Erano passati 50 anni tra le due stagioni, una connotata dalla caduta del fascismo, la sconfitta bellica, l’occupazione nazista; l’altra, quella del 1993, dalle bombe mafiose (e non solo) esplose al Laterano, a San Giorgio in Velabro, agli Uffizi e al Pac di Milano.

Le bombe esplosero con singolare analogia ma con basilare differenza: infatti nonostante i patimenti, le sofferenze e i lutti, nonostante tutto, le bombe del 1943 portavano il nuovo. Finiva una tirannide e cominciava la speranza della democrazia. L’Italia cercava, a costo della distruzione e del sangue, la libertà.

Nel 1993, le bombe, mentre difendevano il vecchio, hanno tentato (per venti anni ci sono riuscite) di impedire il progresso civile di un paese sconvolto dalla corruzione e che oggi registra la disfatta morale e politica della propria classe dirigente; un paese che si è “beccato” il berlusconismo, rinviando, sine die, la democrazia compiuta.

Eppure, le bombe del 1993, dopo la non risolutiva cura di Tangentopoli, mutando forma come un’orrida metastasi, ha dato luogo allo sperpero di tanti investimenti finanziari in una continua complicità tra malavita organizzata e politica.

Sono trascorsi 70 anni dalla fine della guerra e l’Italia è stata tenuta in una situazione di sequestro della verità.

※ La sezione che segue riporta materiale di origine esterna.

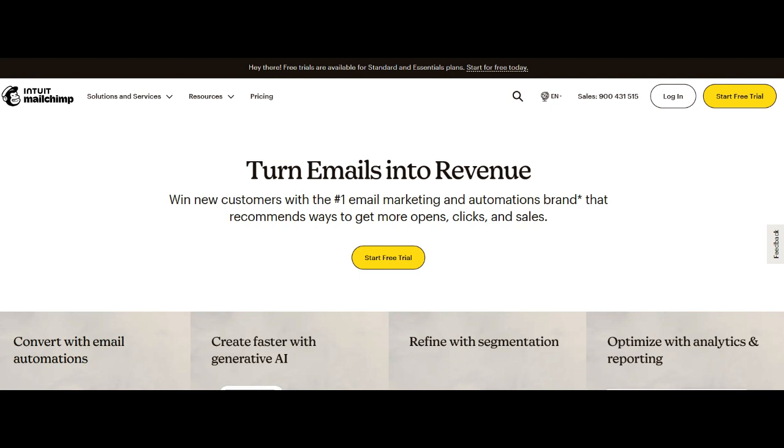This variety proves invaluable for businesses aiming to maintain a cohesive and polished brand image across their email marketing endeavors, ensuring that each campaign resonates with their target audience.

Mille avvenimenti segreti senza che mai si arrivasse fino alla verità fino in fondo. Ora è tempo di aprire gli archivi. La gente ha diritto a un periodo di racconti risolutivi per la venuta a galla della verità. Il crollo della partitocrazia ci riguarda tutti. Escano allora, come da anni in molti chiediamo, tutti gli scheletri da tutti gli armadi. Nessuno escluso. Altro che bruciare le intercettazioni. Vogliamo sapere e sentire tutto.

Gli italiani onesti, vessati, impauriti e impoveriti se lo meritano.

È il tempo della resa dei conti con chi ha dilapidato un immenso patrimonio morale, di ingegno e di creatività producendo al suo posto un benessere fittizio, drogato dagli sperperi pubblici, basato sulla corruzione, la clientela se non la servitù. L’Italia della partitocrazia ha premiato i furbi e i corrotti, punendo per intere generazioni i cittadini operosi, silenziosamente impegnati nelle professioni, nelle arti, nei mestieri umili, nei faticosi cantieri, nelle miniere, nelle acciaierie. Persone preparate, umili ma non asservite al giogo dei partiti e dei loro dittatorelli. Chi non ce l’ha fatta a sopportare tutto questo e ne ha avuto l’opportunità se n’è andato. I quadri delinquenziali dei partiti ci hanno spogliato dei nostri fratelli migliori. La fuga dei cervelli è stata frenetica. Ora per gli italiani si apre una nuova stagione al servizio delle giustizia e della libertà.